The University of Kansas men’s basketball team has been ordered to vacate 15 victories and its NCAA FInal Four appearance from its record for the 2017-2018 season as the result of a six-year investigation of recruiting infractions. The team also was put on probation for three years, a disciplinary panel ruled Wednesday.

The removal of the 15 victories from the official record books means that Kansas no longer is the winningest basketball program in NCAA history, leaving it seven wins behind the University of Kentucky Wildcats. The banner commemorating the 2017-2018 Final Four season will be removed from the rafters of Allen Fieldhouse, coach Bill Self said at a Wednesday afternoon news conference.

Kansas avoided more severe penalties in the long investigation, which stemmed from an FBI probe into college recruiting practices.

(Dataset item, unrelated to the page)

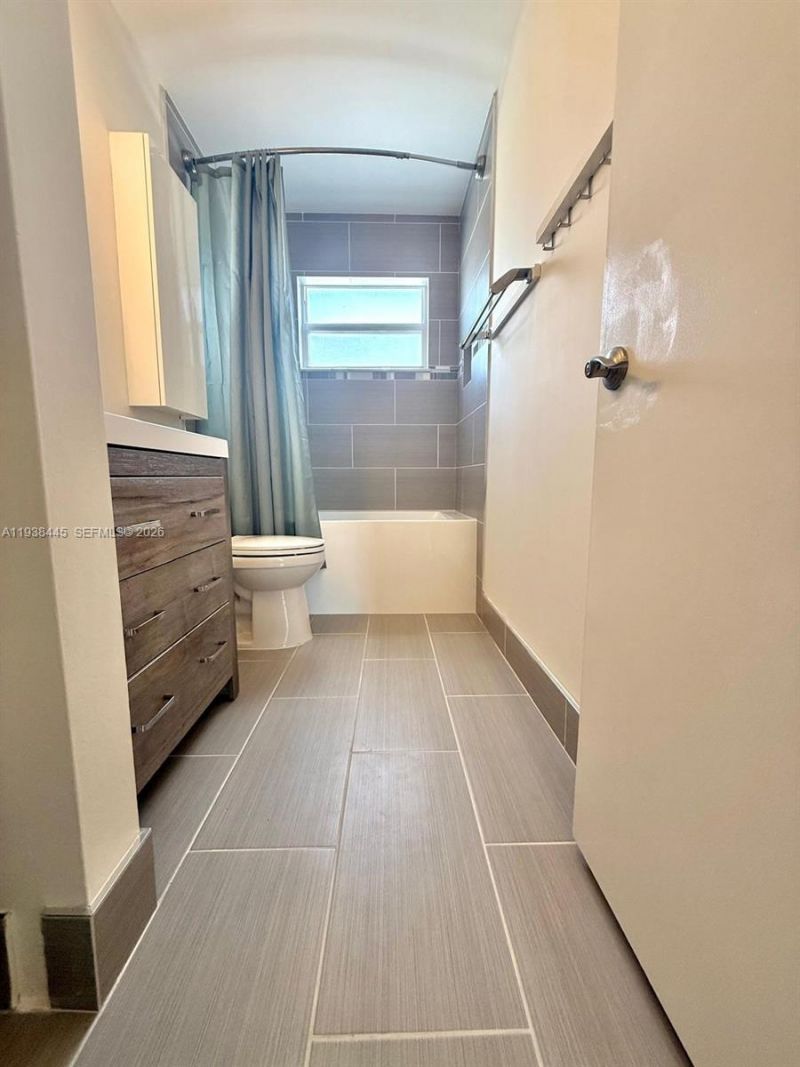 1355 NW 154th Ln, Unit 1355, Pembroke Pines, FL 33028 Photo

NCAA Level I charges against Self and assistant coach Kurtis Townsend — which could have resulted in long-term suspensions or other penalties — were downgraded to a Level III charge for Self and to Level II and III charges for Townsend.

Kurtis Townsend

​​“I’m very happy that it’s over,” Self said at the news conference. “I’m certainly happy with the end results, and at the same time don’t feel like a celebration mode, because this is exactly what we felt the end result would be years ago. … I am eager to move forward without this cloud hovering over our program.” 

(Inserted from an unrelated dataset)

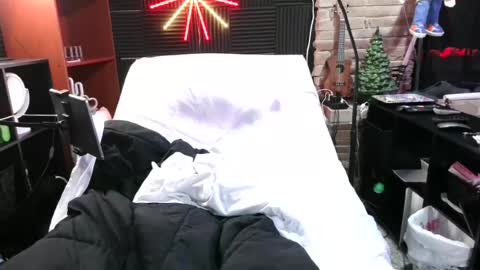 BANJOEY online show from 06-24-26, 03:27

Self said the ongoing uncertainty around the case over the past six years “sucked, but over the course of 35 years don’t you expect to have some period of times that aren’t that great? … I would say the unknown was probably as much of a penalty as anything, going a period of time that we did without knowing how to address it or how to attack it.”

Self and Townsend had served university-imposed four-game suspensions to start the 2022–23 season and were restricted from recruiting activities for a period of time, but the panel ruling imposed no additional penalties on either coach.

Travis Goff, director of athletics, said Wednesday the self-imposed penalties probably exceeded NCAA guidelines and were imposed last year “in the spirit of wanting to move forward.”

Kansas Athletic Director Travis Goff speaks to the media during a press conference on Oct. 11, 2023. (Screenshot / KU Athletics YouTube)

Kansas and the NCAA haggled for six years over the outcome of the case, which began with a highly publicized 2017 FBI investigation into corruption in college basketball that implicated the program in pay-for-play allegations involving potential recruits and the Adidas sports apparel company. 

Former KU players Silvio de Sousa and Billy Preston were tied to tens of thousands of dollars in illicit payments from Adidas representatives T.J. Gassnola and James Gatto. Self and Townsend denied knowing about the payments.


KU asserted that it was a victim of Gassnola and Gatto’s crimes, and the jury in the corruption case found that Gassnola and Gatto had concealed the payments from KU and its coaches. 

Ultimately, the NCAA case was decided by an Independent Accountability Resolution Process panel in place of the normal, often-harsher NCAA disciplinary process. The IARP decision cannot be appealed, but the process was so cumbersome and time-consuming that it has been scrapped for future cases. Wednesday’s decision on the Kansas case marks the dissolution of the panel.

The case had raised the possibility of serious NCAA penalties for the KU basketball program. KU was accused of five Level I charges, which carried potential penalties including postseason bans for the team and an extended suspension for Self. 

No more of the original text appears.